2010 European Brass Band Championships - Test Piece review25-Apr-2010
4BR has been listening to the latest work from the pen of the innovative Thomas Doss - and his fascinating 'Spiriti'.
With his latest work, ‘Spiriti’, Austrian composer Thomas Doss appears to revel in the creation of his own form of musical miasma.
The 2010 European test piece is a quite remarkable composition of innovative thought processes – an exploration of the margins of brass band possibilities; yet on first hearing it appears to come from the pen of a man imbued with extra sensory illusory perceptions.
It’s a wonderful piece of inventive brass writing (and rock hard too), where deliciously, nothing is quite what it seems.
Doss tells us that the work is also imbued with the spirit of Anton Bruckner, yet it is not until seven bars before the very end of the piece that the one direct quote from his ‘Fifth Symphony’ is heard.
Bruckner it seems is a difficult man to pin down – even in the spirit world. He’s there all right, but it would take a hi tech ouija board and Doris Stokes on tip top form to make an early connection with him before bar 363 (of 369) in the piece.
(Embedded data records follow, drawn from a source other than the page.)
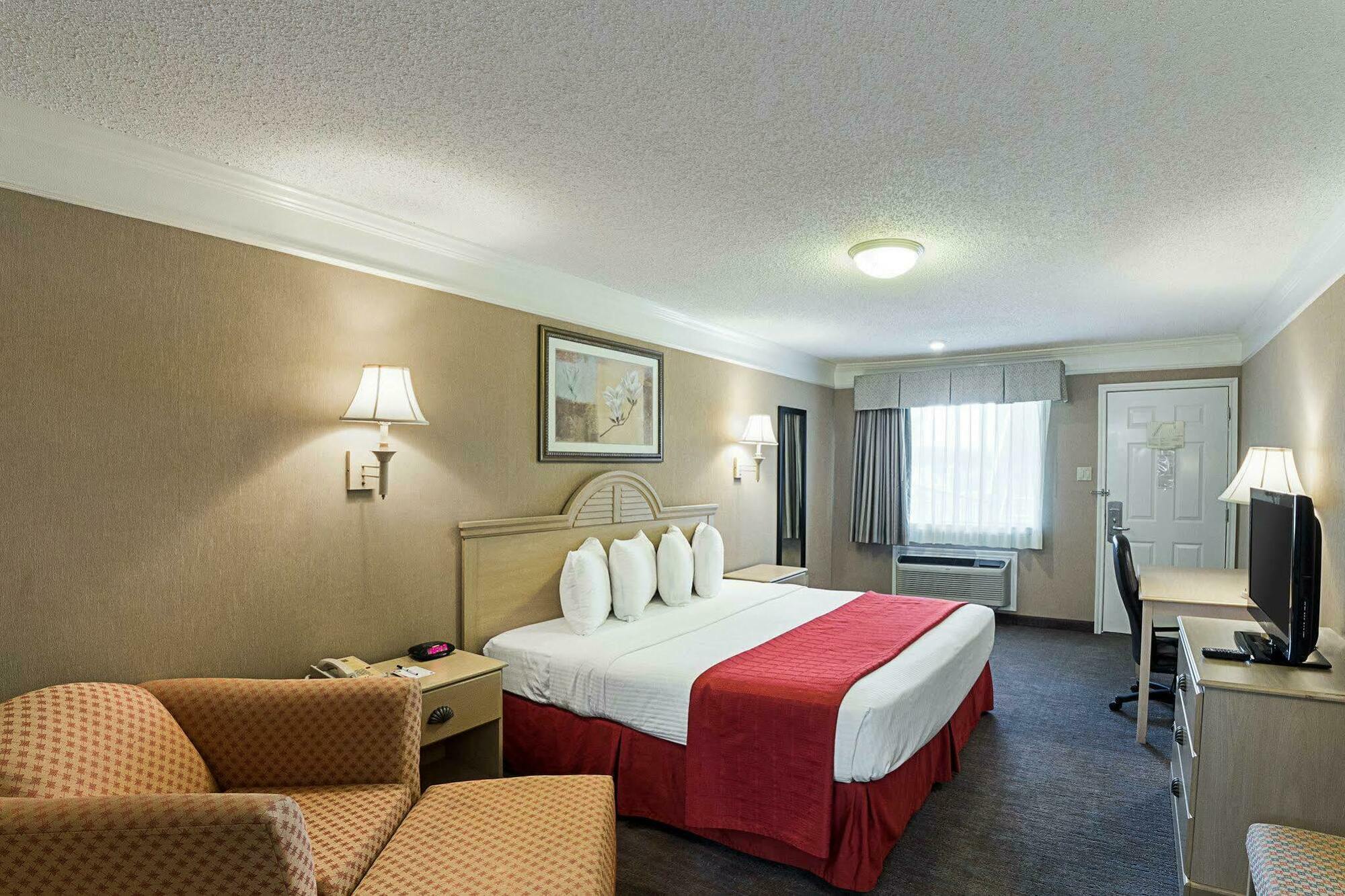 Quality Inn Near Lake Marble Falls Εξωτερικό φωτογραφία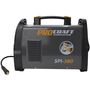 Зварювальний інверторний напівавтомат Ppocraft industrial SPI380 new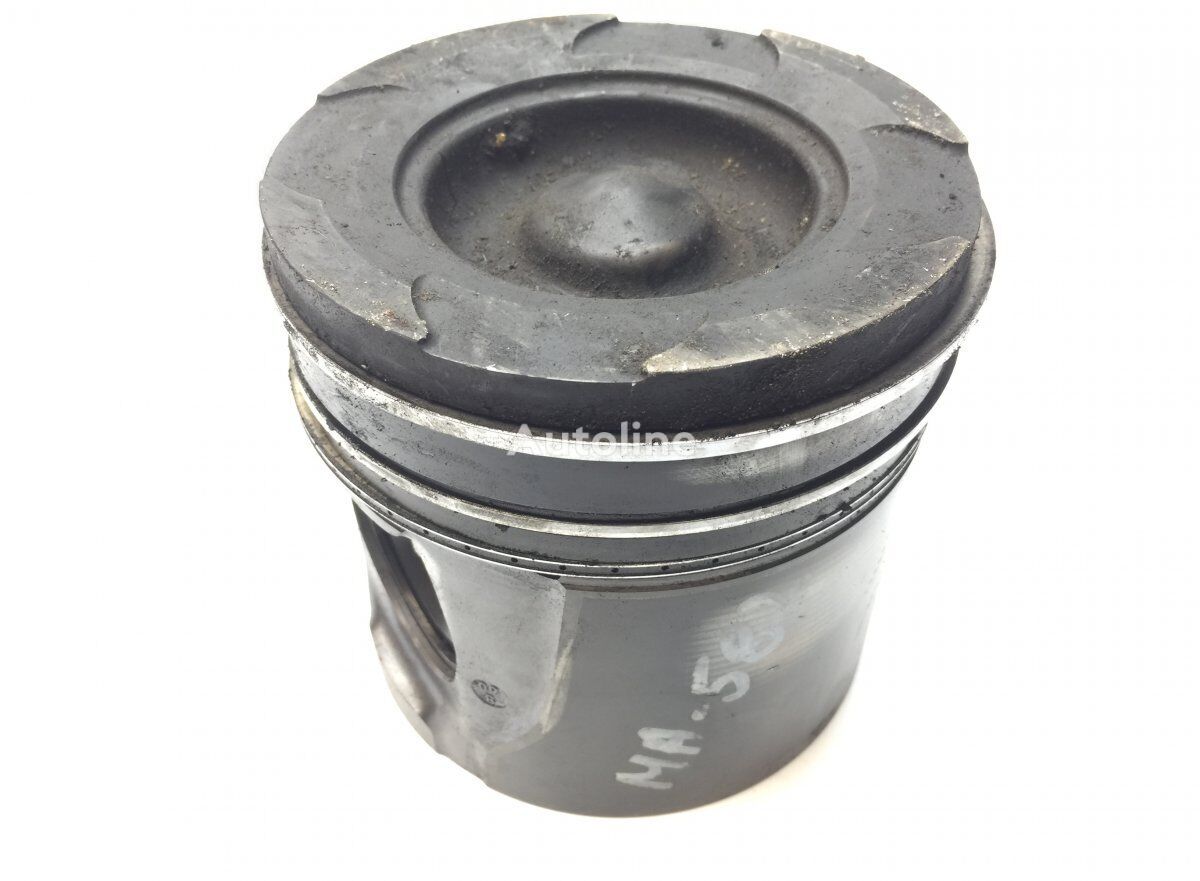 MAN TGL, TGM, TGS, TGX (2005-2021) çekici için MAN TGX 26.440 (01.07-) 40595601 piston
The composer creates a musical spirit illusion that would beat Derek Ancora into a tin hat.
What we do hear – almost from the first bar to the last, is the body (as well as the spirit) of another well known composer – Johann Sebastian Bach, and his, famous chorale; ‘Fur deinen Thron tret’ich hiermit’ ; better known perhaps ‘All people that on earth do dwell’ – although the illusion Doss creates is that of a world of the surreal – one imbued with that miasma of the incredible.
Where else would you find tempo markings that although sober enough in print, make some of the technical filigree work almost impossible to play with precise clarity even by the finest players in Europe: Yet they still make perfect sense in terms of musicality.
(The piece is around 15 and half minutes long if played to the letter of the law – but with some bands it could be stretched to 18 minutes plus)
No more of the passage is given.